How to configure your web application to correctly deal with character set/encoding issues
My interest in character set/encoding issues started way back in college when I maintained the school newspaper website. I noticed that sometimes when I cut-and-pasted text into the wysiwig that I was using that it would show up as garbage or question marks.
Let me tell you...if you've never had the pleasure of troubleshooting such issues, consider yourself lucky. There's nothing like trying to fix, much less define, a problem that you can't even see. That's why it's taken me years of scouring the internet to finally get to the point where I feel like I have my mind wrapped around the whole issue.
So below i'll attempt to lay out everything i've learned as concisely as possible. I'll talk specifically about PHP/MySQL, but much of the information applies to any platform.
Background
I'll just link to the best places i've found to read up on the background. Read these first if you want to understand whats going on:
The Details
In order to get your website working harmoniously with one character set, you first have to pick one. I picked ISO-8859-1 (sometimes referred to as latin1). It's the most popular English (Latin) language set, though it doesn't display many foreign characters.
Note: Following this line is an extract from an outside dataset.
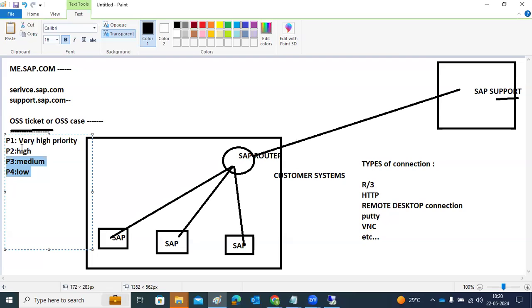SAP works based on SLAs — Service Level Agreements — which define how many hours they have to fix each priority ticket. P4 gets a late response because SAP works on high priorities first. Based on your business impact, you must choose the correct priority and provide details, logs, and attachments.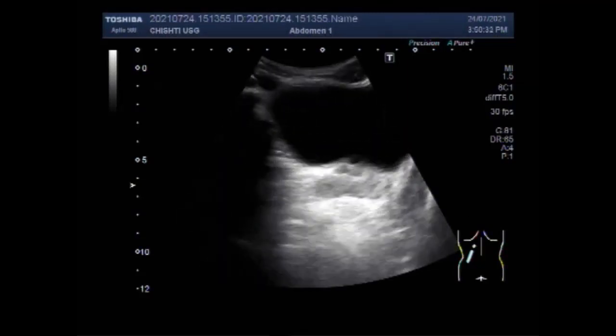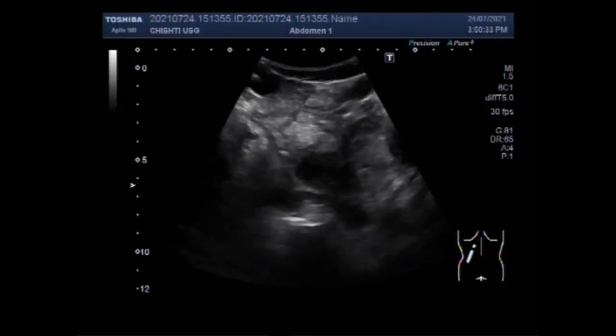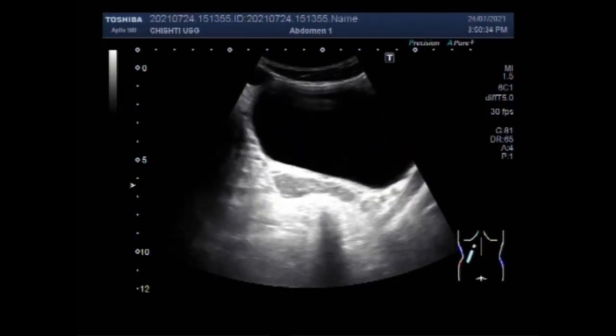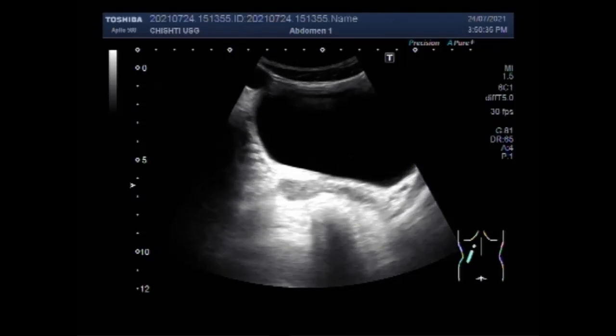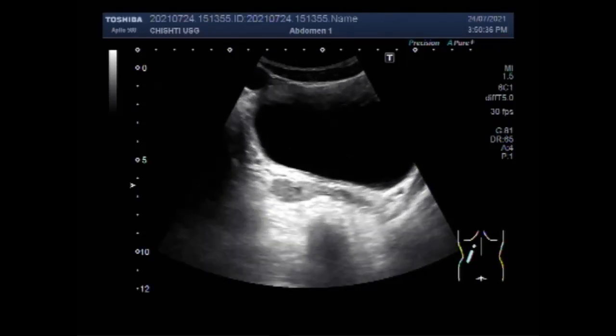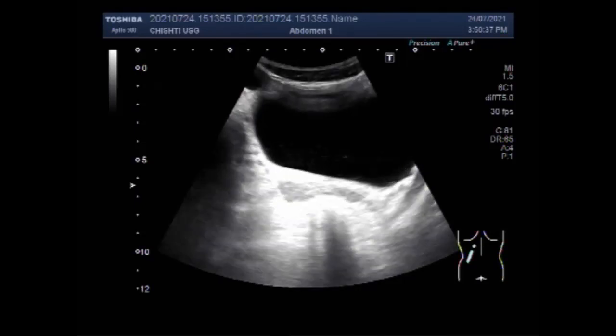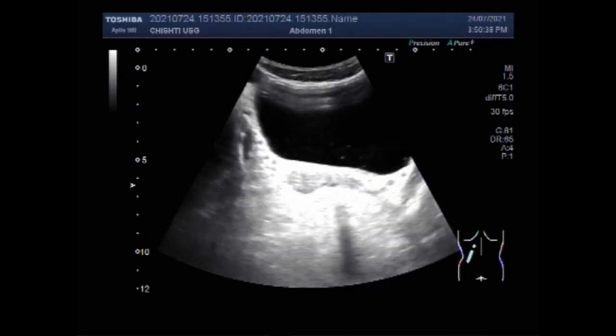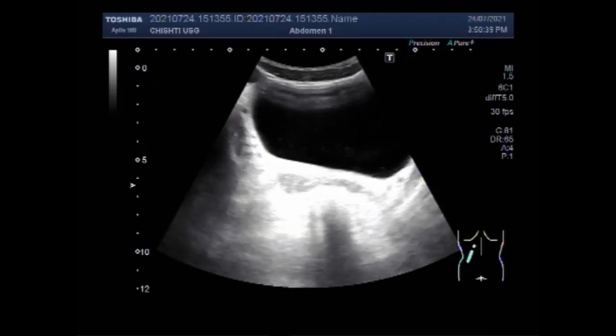Dear viewers, I hope you are all fine. This ultrasound video shows bilateral enlargement of the seminal vesicles.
Unfortunately, despite the fact that Unicode is the end-and-be-all PHP is really horrible at dealing with Unicode (specifically multi-byte strings). Since I've got enough to worry about without having to also check every function i'm using for multi-byte compatibility, ISO-8859-1 is right for me, for now. I hear PHP6 will fully support mb strings.
In order to get your web application working correctly with one character set, there are basically three parts you must take care of:
- The database
- The web server
- The web page itself
Database config
In a perfect world, you would compile your database to default to your preferred character set. I won't cover that here.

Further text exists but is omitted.